A comprehensive new report released Wednesday by the Republican staff of the Senate Environment and Public Works Committee makes clear that the answer to that question is yes. The report is entitled"The chain of environmental command."
Major mainstream media which generally parrot the perspectives and analyses of the environmental movement have utterly ignored the report.
This isn't news?
One would think that millions of tax dollars being directed by government officials with significant conflicts of interest would be significant news at the New York Times and the Washington Post.
But searches on both of those websites turned up zero coverage of the report, which was produced under the direction of Sen. David Vitter of Louisiana, the committee's ranking minority member.
Here are just four of the conclusions described in the report's executive summary regarding government funding of environmental nonprofits:
• Former far-left environmentalists working at EPA funnel government money through grants to their former employers and colleagues, often contributing to the bottom line of environmental activist groups.
• Under President Obama, EPA has given more than $27 million in taxpayer-funded grants to major environmental groups. Notably, the Natural Resources Defense Council and Environmental Defense Fund – two key activists groups with significant ties to senior EPA officials – have collected more than $1 million in funding each.
• EPA Region 2 Administrator Judith Enck appears to be inappropriately and personally involved in the allocation of EPA grants to favored groups. Enck is also the subject of an inquiry led by the EPA Office of Inspector General.
• EPA also gives grants to lesser-known extreme groups.
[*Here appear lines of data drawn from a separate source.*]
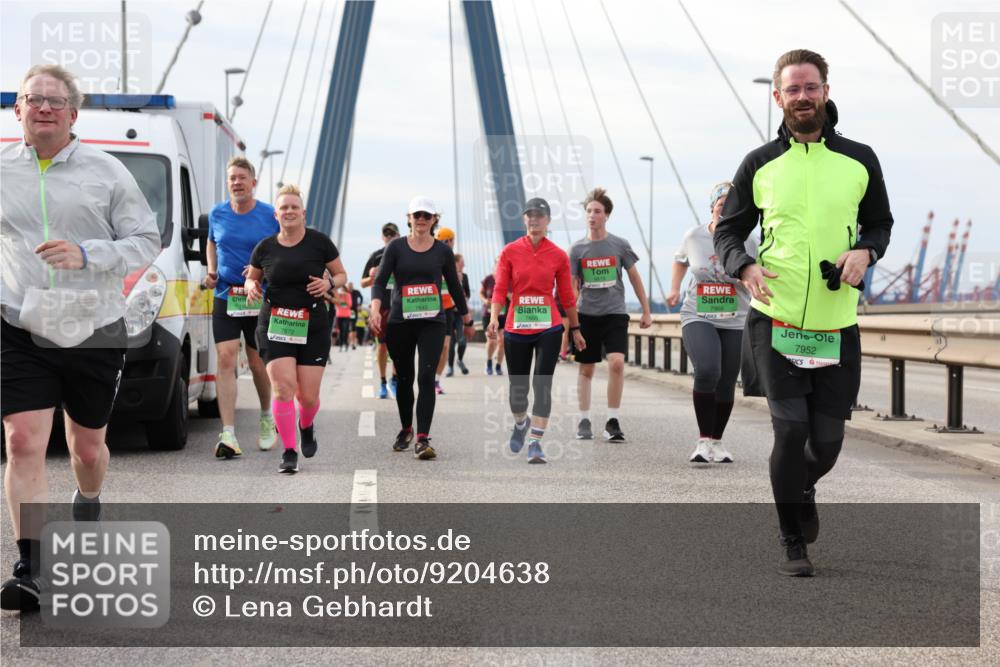 03.10.2025 - Köhlbrandbrückenlauf Lena Gebhardt http://msf.ph/oto/9204638 03.10.2025 15:57:52 Position 2 7952 meine-sportfotos.de
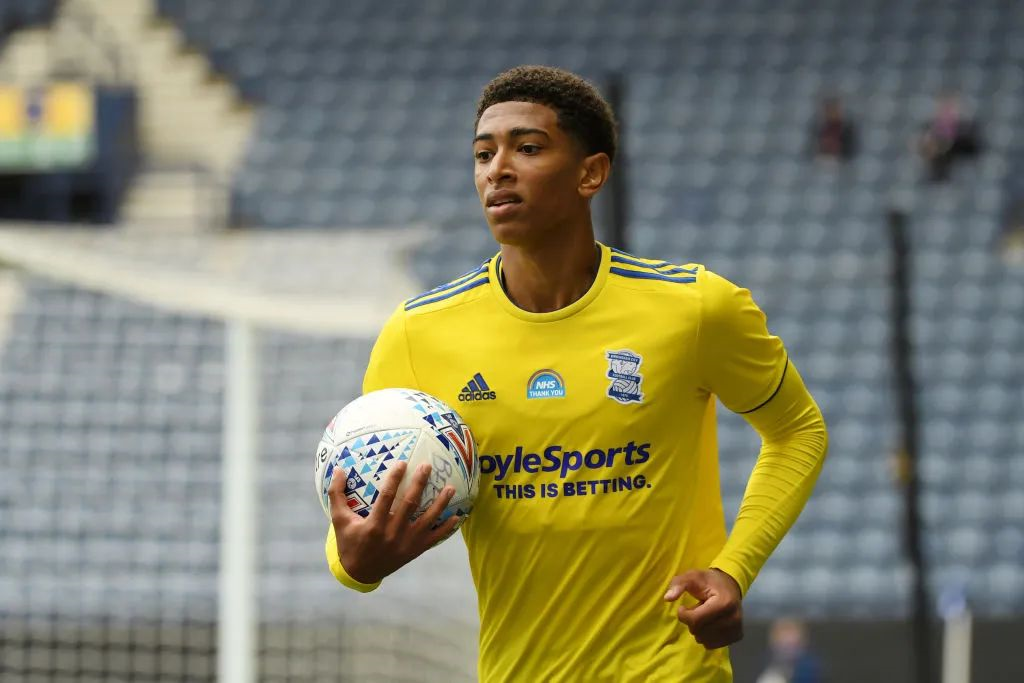 保罗回忆与科比最后谈话，称仍感觉其未离开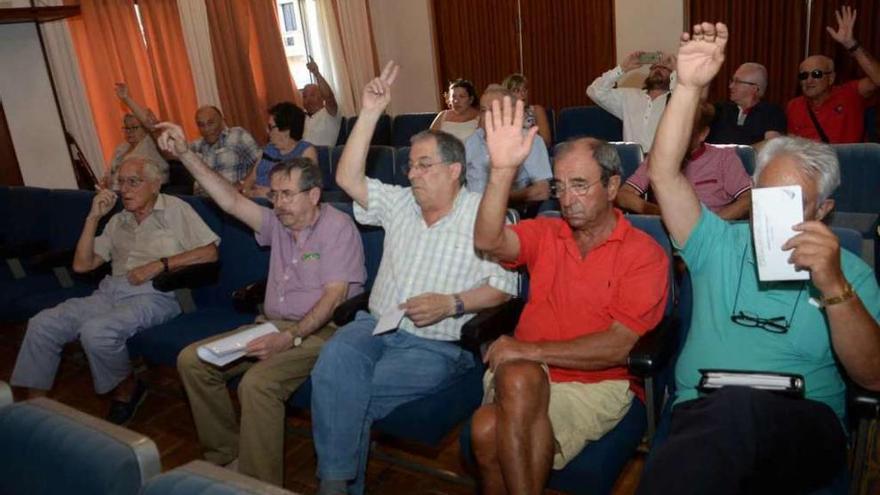 José Luis Blanco, en el centro, propuso la suspensión de la asamblea. // Noé Parga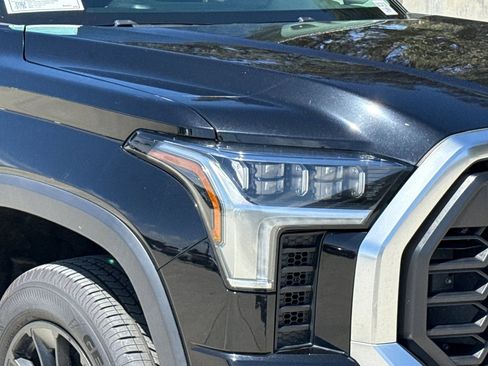 Used 2022 Toyota Tundra Limited w/ TRD Off-Road Package AWD/4WD image 10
For example, the Louisiana Bucket Brigade received hundreds of thousands of grants under former Administrator Lisa Jackson despite challenges by state regulators over the use of such grants.
It wasn't that long ago that MSM silence could disappear an important government report, but thanks to the Internet, that's no longer the case.
This report isn't going away any time soon and it almost certainly will be the impetus for legislative action and a great deal of public debate.